--- Supplied data Enclosed Below ---

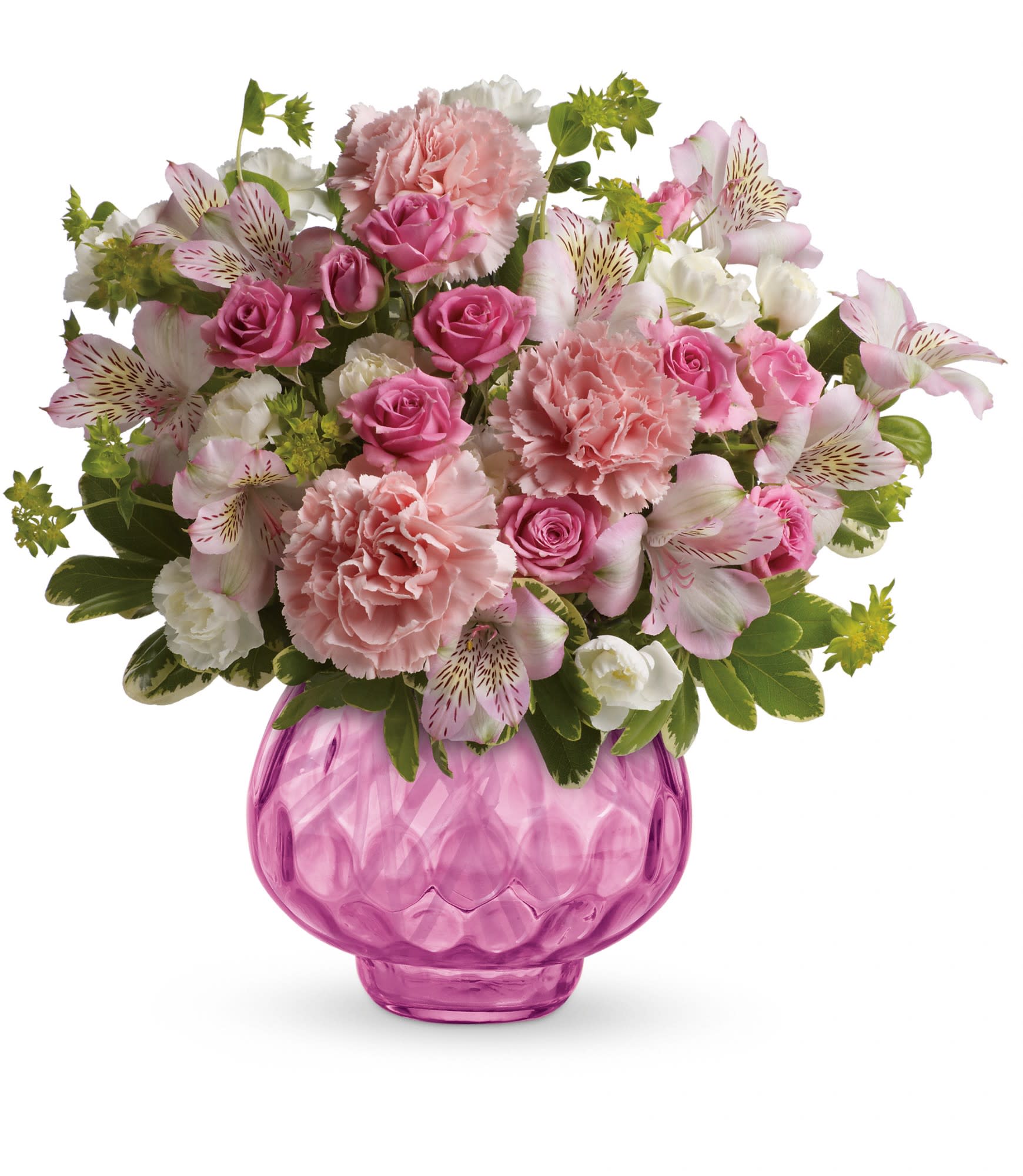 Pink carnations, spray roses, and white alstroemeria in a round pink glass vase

--- End of Enclosed Supplied data ---
--- Supplied data Enclosed Below ---

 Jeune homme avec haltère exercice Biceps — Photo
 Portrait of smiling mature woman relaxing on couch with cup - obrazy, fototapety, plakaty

--- End of Enclosed Supplied data ---
--- Supplied data Enclosed Below ---

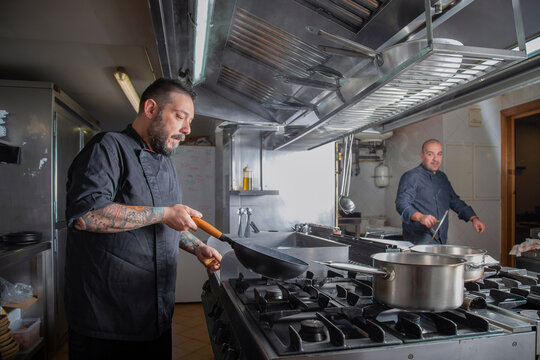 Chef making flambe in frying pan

--- End of Enclosed Supplied data ---

• _Activity_
Where the line holding "Jeune homme avec" appears in the listing above, start reproducing exactly, and end with the line holding "Portrait of smiling".

• _Answer section_
 Jeune homme avec haltère exercice Biceps — Photo
 Portrait of smiling mature woman relaxing on couch with cup - obrazy, fototapety, plakaty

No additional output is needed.